The president and his aides argued that the Constitution gives the commander in chief the authority to bypass the 1978 law when necessary to protect national security. They also argued that Congress implicitly endorsed that power when it authorized the use of force against the perpetrators of the attacks.

Legal academics and human rights organizations said Bush's signing statement and his stance on the wiretapping law are part of a larger agenda that claims exclusive control of war-related matters for the executive branch and holds that any involvement by Congress or the courts should be minimal.

Vice President Dick Cheney recently told reporters, "I believe in a strong, robust executive authority, and I think that the world we live in demands it. . . . I would argue that the actions that we've taken are totally appropriate and consistent with the constitutional authority of the president."

Since the 2001 attacks, the administration has also asserted the power to bypass domestic and international laws in deciding how to detain prisoners captured in the Afghanistan war. It also has claimed the power to hold any US citizen Bush designates an "enemy combatant" without charges or access to an attorney.

And in 2002, the administration drafted a secret legal memo holding that Bush could authorize interrogators to violate anti-torture laws when necessary to protect national security. After the memo was leaked to the press, the administration eliminated the language from a subsequent version, but it never repudiated the idea that Bush could authorize officials to ignore a law.

The issue heated up again in January 2005. Attorney General Alberto Gonzales disclosed during his confirmation hearing that the administration believed that anti-torture laws and treaties did not restrict interrogators at overseas prisons because the Constitution does not apply abroad.

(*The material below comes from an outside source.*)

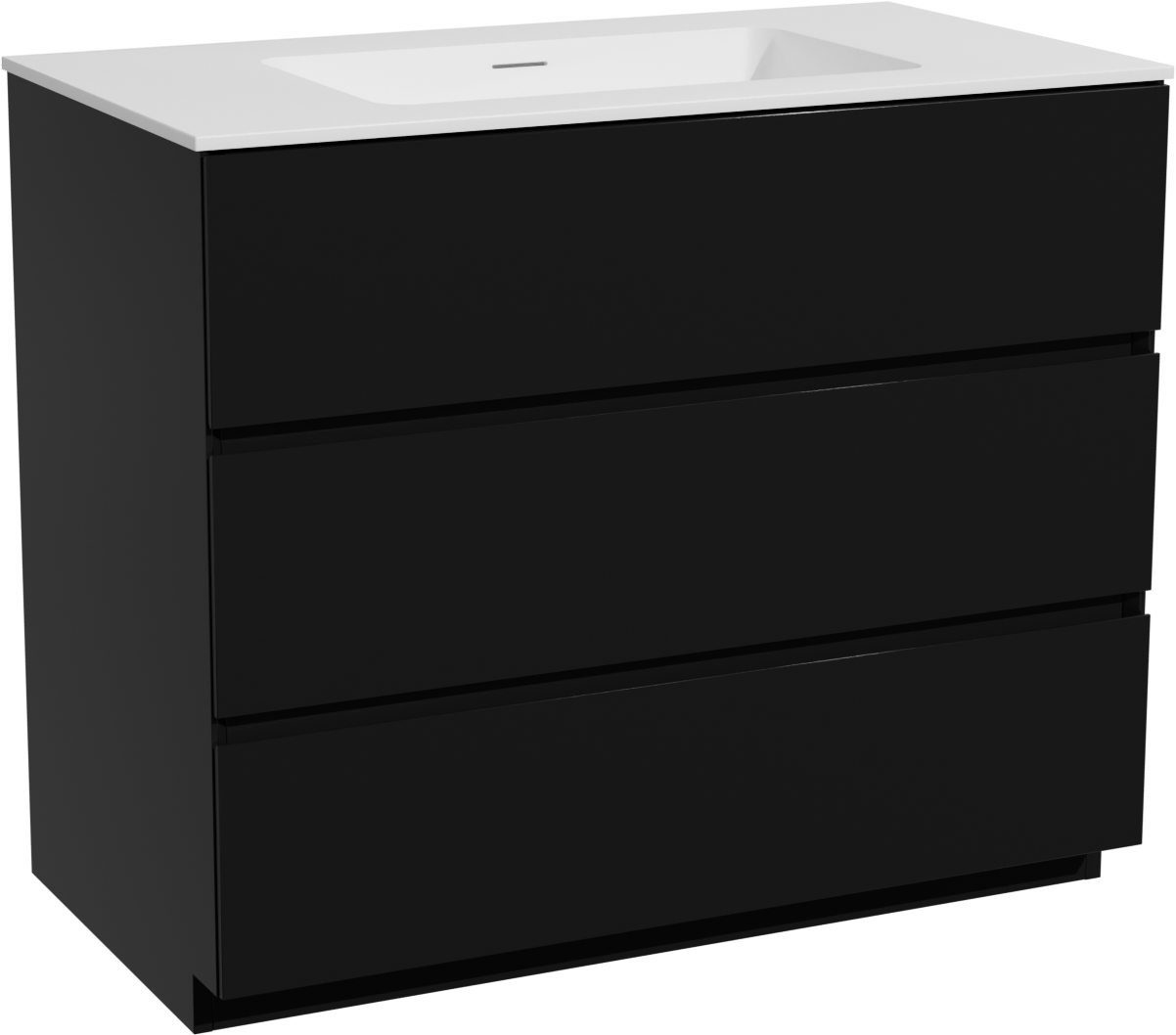 Storke Edge staand badkamermeubel 95 x 52 cm mat zwart met Mata enkele wastafel in solid surface mat wit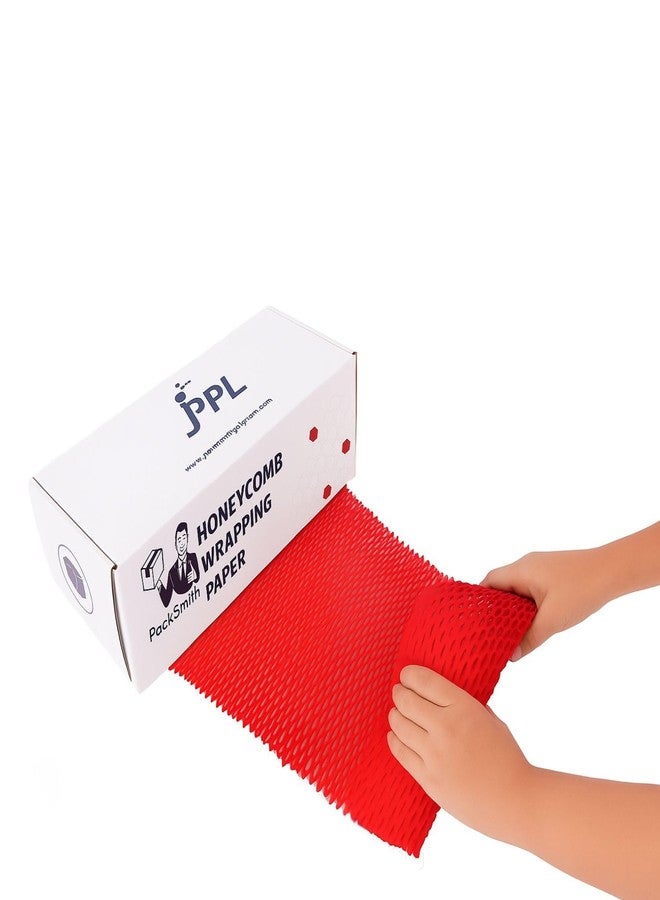 JPPL paper honeycomb roll with dispenser box | Expands hex to 160 meter | Plastic alternative | Packaging & shipping supplies bubble wrap roll| (390mm / 16 inch x100 meter) (red) - Image 1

In response, Senator John McCain, Republican of Arizona, filed an amendment to a Defense Department bill explicitly saying that that the cruel, inhuman, and degrading treatment of detainees in US custody is illegal regardless of where they are held.

McCain's office did not return calls seeking comment yesterday.

The White House tried hard to kill the McCain amendment. Cheney lobbied Congress to exempt the CIA from any interrogation limits, and Bush threatened to veto the bill, arguing that the executive branch has exclusive authority over war policy.

But after veto-proof majorities in both houses of Congress approved it, Bush called a press conference with McCain, praised the measure, and said he would accept it.

Legal specialists said the president's signing statement called into question his comments at the press conference.

"The whole point of the McCain Amendment was to close every loophole," said Marty Lederman, a Georgetown University law professor who served in the Justice Department from 1997 to 2002. "The president has re-opened the loophole by asserting the constitutional authority to act in violation of the statute where it would assist in the war on terrorism."

Elisa Massimino, Washington director for Human Rights Watch, called Bush's signing statement an "in-your-face affront" to both McCain and to Congress.

"The basic civics lesson that there are three co-equal branches of government that provide checks and balances on each other is being fundamentally rejected by this executive branch," she said.

"Congress is trying to flex its muscle to provide those checks [on detainee abuse], and it's being told through the signing statement that it's impotent. It's quite a radical view."